So though Greengrass passed on another Bourne, and star Matt Damon also said no, Tony Gilroy, who’d co-scripted the first three films, signed on as director, co-writer and keeper of the franchise. The Bourne Legacy, with The Hurt Locker’s Jeremy Renner as the new hero, has a couple of scenes crackling with fatal friction, plus lots of talking that implicates the CIA as Worst Government Agency Ever; but the overall tone is familiar, refried, redundant. The comment that U.S. Intelligence guru Edward Norton makes of his colleagues — “We are morally indefensible and absolutely necessary” — applies to the film as well. The Bourne Legacy has no compelling reason to be, except as a continuing geyser of profits. Which, to any Hollywood studio, is absolutely necessary.

The coolest part of this movie is the ad line: “There was never just one.” Renner’s Aaron Cross is part of a new CIA program. He’s one of nine secret agents, all injected with super-meds to increase their strength, speed, stamina and cunning. They’re spies on steroids, gaining the same advantage on their rivals as some baseball players a decade ago; the film could be called The Bonds Legacy. It’s a wonder the producers of the James Bond films didn’t diversify their hero this way. After 007, there could have been 008 and 009 — The Bond Legacy. But the whole point of the Bond films was that, despite the myriad spy-movie imitators, there was always just one Bond. These days, through the miracle of 21st-century medicine and Hollywood habit, a secret agent can be Bourne again and again and again.
In the screenplay by Gilroy and his brother Dan, we find Cross in the Alaskan woods, a lone surviver in the killing chill. In his spare time he engages in an ultimate fight with a ferocious wolf, as if trying to out-macho Liam Neeson in The Grey. A spy who is literally ready to come in from the cold — to be brought back to D.C. by the agency he works for — Cross finds himself the target of a U.S. drone attack. Wait a minute: the guys in Bethesda at their video consoles are supposed to eliminate the odd Taliban rebel and Afghani civilian, not their most resourceful agent. In these scenes, Legacy connects with the real crime of modern warfare, where the shooters at Mission Control can isolate a human target 10,000 miles away, and kill him without risking anything but their honor.


But enough brain food. Soon it’s back to fulfilling genre conventions: rooftop rambles, reckless driving and the globe-trotting location shoots (New York, Chicago, D.C., Seoul, Karachi, Manila) that turn filmmakers into frequent flyers. Also imperiled romance, in the person of microbiologist Marta Shearing (Rachel Weisz).

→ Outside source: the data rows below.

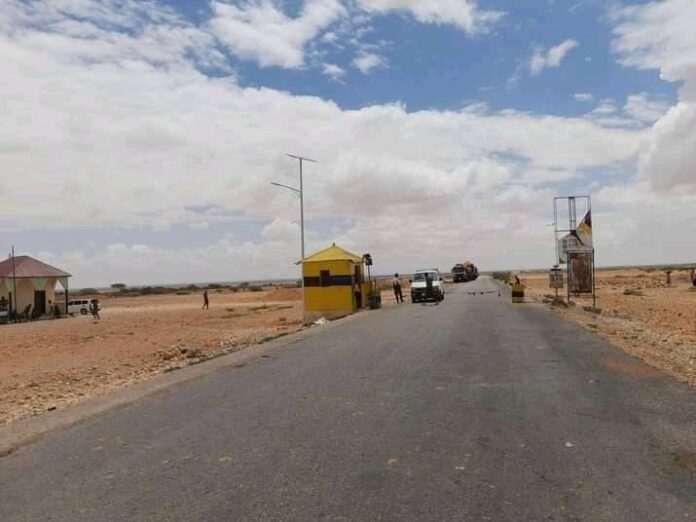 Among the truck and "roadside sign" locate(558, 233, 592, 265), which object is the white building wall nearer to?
"roadside sign" locate(558, 233, 592, 265)

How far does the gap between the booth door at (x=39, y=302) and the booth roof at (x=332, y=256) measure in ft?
80.3

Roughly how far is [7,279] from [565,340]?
133ft

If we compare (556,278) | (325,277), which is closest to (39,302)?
(325,277)

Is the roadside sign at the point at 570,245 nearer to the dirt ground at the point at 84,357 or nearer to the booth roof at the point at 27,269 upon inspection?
the dirt ground at the point at 84,357

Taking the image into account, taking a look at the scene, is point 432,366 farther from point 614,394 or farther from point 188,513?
point 188,513

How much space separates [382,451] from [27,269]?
47441 mm

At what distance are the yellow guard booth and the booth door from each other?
24515 millimetres

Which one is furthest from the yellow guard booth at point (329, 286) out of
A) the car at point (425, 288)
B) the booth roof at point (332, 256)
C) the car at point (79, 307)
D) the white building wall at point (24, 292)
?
the car at point (79, 307)

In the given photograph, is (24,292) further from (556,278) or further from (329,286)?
(556,278)

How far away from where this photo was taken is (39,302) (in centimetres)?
5041

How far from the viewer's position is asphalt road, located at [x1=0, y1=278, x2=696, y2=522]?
211 inches

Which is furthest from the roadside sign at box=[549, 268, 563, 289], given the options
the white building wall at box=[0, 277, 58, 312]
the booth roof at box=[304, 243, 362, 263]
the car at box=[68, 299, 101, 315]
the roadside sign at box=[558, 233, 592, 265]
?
the car at box=[68, 299, 101, 315]

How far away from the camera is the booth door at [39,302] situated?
49925 mm

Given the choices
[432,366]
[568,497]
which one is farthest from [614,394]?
[568,497]
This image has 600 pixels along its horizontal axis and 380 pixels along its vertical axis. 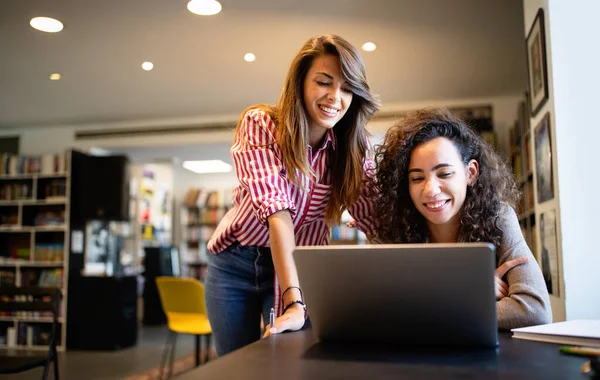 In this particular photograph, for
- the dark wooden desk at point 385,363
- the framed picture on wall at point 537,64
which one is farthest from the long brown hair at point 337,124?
the framed picture on wall at point 537,64

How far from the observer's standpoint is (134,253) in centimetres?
754

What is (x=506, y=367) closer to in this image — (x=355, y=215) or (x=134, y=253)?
(x=355, y=215)

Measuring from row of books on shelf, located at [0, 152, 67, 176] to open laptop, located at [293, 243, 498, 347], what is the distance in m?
5.80

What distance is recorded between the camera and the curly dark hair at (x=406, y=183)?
133 centimetres

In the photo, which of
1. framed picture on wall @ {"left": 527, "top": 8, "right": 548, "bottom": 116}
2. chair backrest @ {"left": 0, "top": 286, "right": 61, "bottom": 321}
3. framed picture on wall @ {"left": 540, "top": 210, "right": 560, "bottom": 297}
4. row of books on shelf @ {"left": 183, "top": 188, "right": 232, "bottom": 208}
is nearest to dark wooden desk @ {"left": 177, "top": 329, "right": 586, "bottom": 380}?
framed picture on wall @ {"left": 540, "top": 210, "right": 560, "bottom": 297}

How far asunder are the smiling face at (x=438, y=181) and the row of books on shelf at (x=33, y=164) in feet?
18.2

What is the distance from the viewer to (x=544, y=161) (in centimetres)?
261

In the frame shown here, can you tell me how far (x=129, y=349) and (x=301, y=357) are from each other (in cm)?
529

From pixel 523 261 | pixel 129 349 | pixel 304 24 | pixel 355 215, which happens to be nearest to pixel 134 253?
pixel 129 349

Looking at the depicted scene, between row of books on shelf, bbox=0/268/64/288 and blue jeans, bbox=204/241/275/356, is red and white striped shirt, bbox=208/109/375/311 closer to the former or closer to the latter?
→ blue jeans, bbox=204/241/275/356

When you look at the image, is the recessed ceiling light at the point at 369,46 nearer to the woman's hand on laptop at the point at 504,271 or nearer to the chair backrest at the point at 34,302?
the chair backrest at the point at 34,302

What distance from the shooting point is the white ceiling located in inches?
143

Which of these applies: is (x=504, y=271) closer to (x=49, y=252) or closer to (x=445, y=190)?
(x=445, y=190)

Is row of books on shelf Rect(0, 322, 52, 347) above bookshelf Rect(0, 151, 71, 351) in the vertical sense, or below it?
below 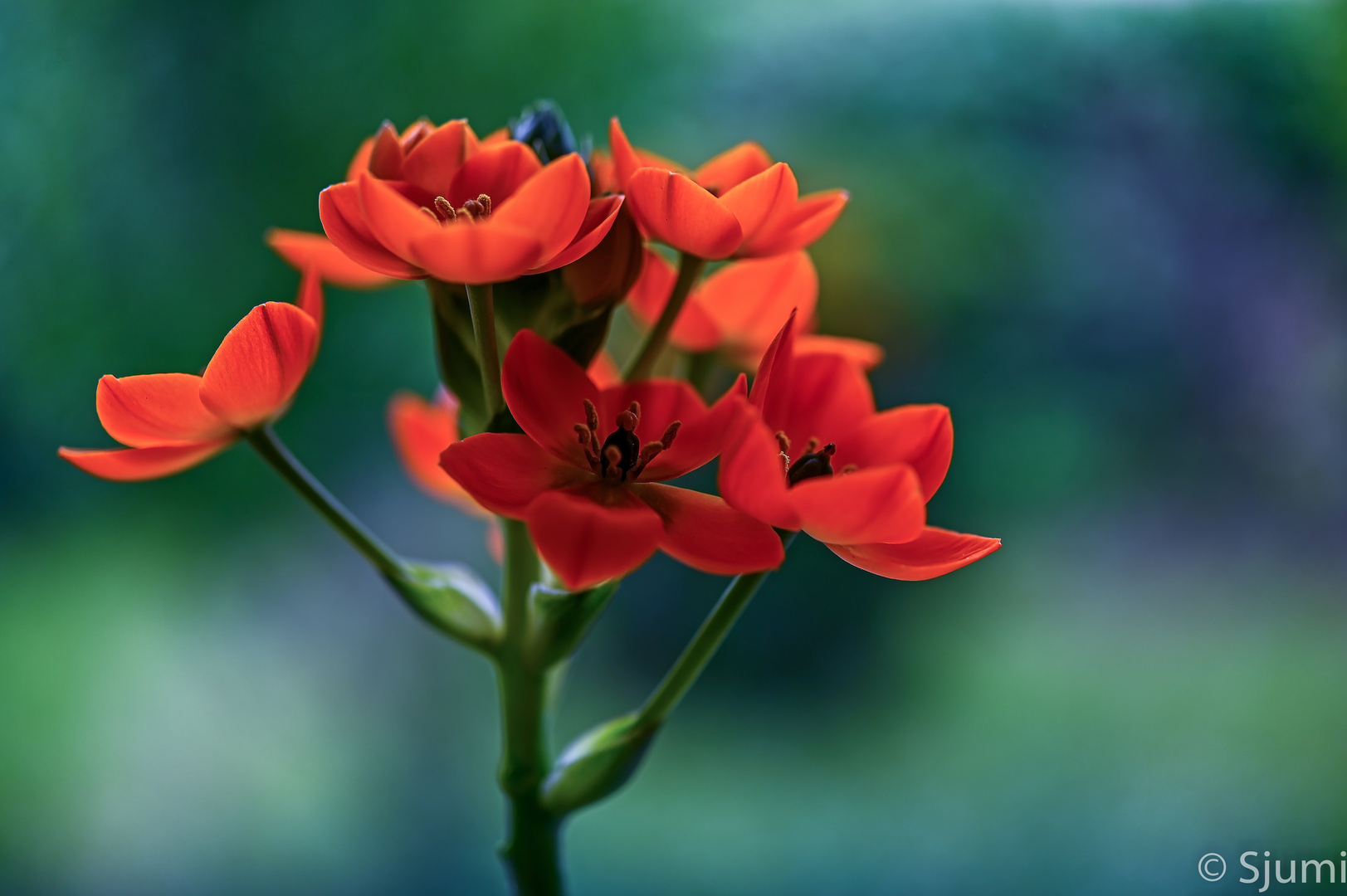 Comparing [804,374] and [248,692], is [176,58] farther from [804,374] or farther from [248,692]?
[804,374]

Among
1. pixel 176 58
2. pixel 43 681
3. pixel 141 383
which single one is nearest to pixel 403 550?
pixel 43 681

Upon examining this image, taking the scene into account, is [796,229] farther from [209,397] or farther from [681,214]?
[209,397]

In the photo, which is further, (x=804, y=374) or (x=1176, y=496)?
(x=1176, y=496)

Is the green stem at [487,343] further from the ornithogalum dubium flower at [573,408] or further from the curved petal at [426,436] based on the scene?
the curved petal at [426,436]

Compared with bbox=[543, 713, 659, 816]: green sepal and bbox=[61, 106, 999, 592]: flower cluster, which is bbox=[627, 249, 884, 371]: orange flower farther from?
bbox=[543, 713, 659, 816]: green sepal

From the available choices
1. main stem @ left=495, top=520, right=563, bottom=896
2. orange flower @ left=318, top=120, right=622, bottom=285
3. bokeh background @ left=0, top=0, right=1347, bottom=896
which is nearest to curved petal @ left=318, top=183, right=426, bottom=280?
Answer: orange flower @ left=318, top=120, right=622, bottom=285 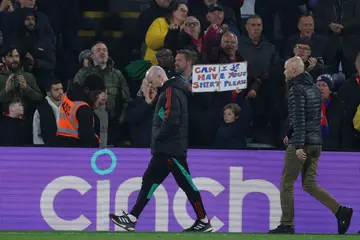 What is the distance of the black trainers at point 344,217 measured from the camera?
43.4 ft

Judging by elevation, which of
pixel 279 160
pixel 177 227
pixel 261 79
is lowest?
pixel 177 227

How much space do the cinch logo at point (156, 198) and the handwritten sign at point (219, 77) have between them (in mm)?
1296

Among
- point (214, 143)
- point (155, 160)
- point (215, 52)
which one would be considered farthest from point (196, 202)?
Result: point (215, 52)

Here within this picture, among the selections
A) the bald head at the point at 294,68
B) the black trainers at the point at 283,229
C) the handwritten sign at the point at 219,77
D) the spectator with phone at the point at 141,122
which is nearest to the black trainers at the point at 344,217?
the black trainers at the point at 283,229

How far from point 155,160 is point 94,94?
77.0 inches

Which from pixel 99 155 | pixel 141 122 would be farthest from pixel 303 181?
pixel 99 155

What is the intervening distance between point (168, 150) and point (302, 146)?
1599mm

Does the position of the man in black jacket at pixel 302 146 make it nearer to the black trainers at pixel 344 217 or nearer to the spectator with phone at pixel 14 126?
the black trainers at pixel 344 217

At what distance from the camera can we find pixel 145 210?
14.0m

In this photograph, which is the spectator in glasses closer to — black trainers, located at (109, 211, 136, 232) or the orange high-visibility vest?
the orange high-visibility vest

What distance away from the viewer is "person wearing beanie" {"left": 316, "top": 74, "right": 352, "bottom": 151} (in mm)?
15031

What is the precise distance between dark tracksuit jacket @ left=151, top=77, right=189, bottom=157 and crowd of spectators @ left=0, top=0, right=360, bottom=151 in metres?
0.85

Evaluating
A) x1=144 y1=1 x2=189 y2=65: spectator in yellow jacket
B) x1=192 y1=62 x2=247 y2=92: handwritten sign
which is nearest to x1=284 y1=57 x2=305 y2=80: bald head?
x1=192 y1=62 x2=247 y2=92: handwritten sign

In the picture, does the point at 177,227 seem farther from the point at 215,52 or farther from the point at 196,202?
the point at 215,52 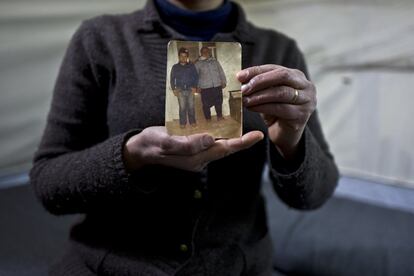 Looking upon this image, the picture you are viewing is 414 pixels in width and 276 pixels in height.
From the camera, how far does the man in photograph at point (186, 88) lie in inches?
17.6

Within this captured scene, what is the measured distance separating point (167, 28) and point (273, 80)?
0.72ft

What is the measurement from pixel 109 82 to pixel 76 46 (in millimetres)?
75

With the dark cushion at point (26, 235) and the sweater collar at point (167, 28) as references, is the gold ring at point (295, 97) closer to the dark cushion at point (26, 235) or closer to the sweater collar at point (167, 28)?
the sweater collar at point (167, 28)

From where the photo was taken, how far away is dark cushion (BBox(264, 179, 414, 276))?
2.97ft

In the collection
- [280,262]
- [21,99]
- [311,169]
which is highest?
[311,169]

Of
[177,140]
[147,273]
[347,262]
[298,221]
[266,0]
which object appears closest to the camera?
[177,140]

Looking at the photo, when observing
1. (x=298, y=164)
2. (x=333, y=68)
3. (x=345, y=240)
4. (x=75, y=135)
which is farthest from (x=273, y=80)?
(x=333, y=68)

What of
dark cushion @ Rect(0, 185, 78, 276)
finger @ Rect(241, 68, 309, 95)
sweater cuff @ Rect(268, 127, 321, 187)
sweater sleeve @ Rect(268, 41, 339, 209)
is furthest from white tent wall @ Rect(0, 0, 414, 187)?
finger @ Rect(241, 68, 309, 95)

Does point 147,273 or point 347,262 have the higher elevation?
point 147,273

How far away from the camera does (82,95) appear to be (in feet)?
2.03

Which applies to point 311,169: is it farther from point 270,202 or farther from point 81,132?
point 270,202

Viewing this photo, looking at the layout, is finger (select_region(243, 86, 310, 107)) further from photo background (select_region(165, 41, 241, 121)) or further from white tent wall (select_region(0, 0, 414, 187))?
white tent wall (select_region(0, 0, 414, 187))

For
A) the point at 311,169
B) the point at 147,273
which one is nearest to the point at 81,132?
the point at 147,273

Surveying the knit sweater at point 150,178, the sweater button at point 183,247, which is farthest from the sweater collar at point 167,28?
the sweater button at point 183,247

The good doctor works at the company that hatched Cross’s enabling, deadly medication, though, she wanly protests, “I was there for science!” As his one link to the meds, Marta must run from the CIA — there’s a nicely tense interrogation with a motherly psychologist who explodes into a lethal agent — and get Cross to the manufacturing plant in Manila. Toward the end, Legacy promises a battle between Cross and a next-generation killer, a sort of Terminator Bourne; but that climactic brawl is reduced to the sort of car chase you’ve seen before, and better, in roughly 126 action films.
Most moviegoers won’t mind that the Legacy tropes are familiar; that’s why they go to the movies. What they’ll notice is the new leading man in the wake of Damon’s defection. Renner is a curious candidate for a Hollywood action figure. Not a dreamy hunk by any means, he’s a valued supporting player recently promoted to leading roles. Go back 40 years, and he’s Gene Hackman, with muscles (every actor has muscles now) but with the suggestion of a less roiling interior life. That was exactly Renner’s salient quality in Kathryn Bigelow’s The Hurt Locker. Dismantling bombs in Baghdad, his Sgt. James was all business, no introspection; he was what he did. Sure, James could have been driven by infernal forces or a grand mission, but no, he was just a guy supremely good at his job and putting his expertise to life-saving use.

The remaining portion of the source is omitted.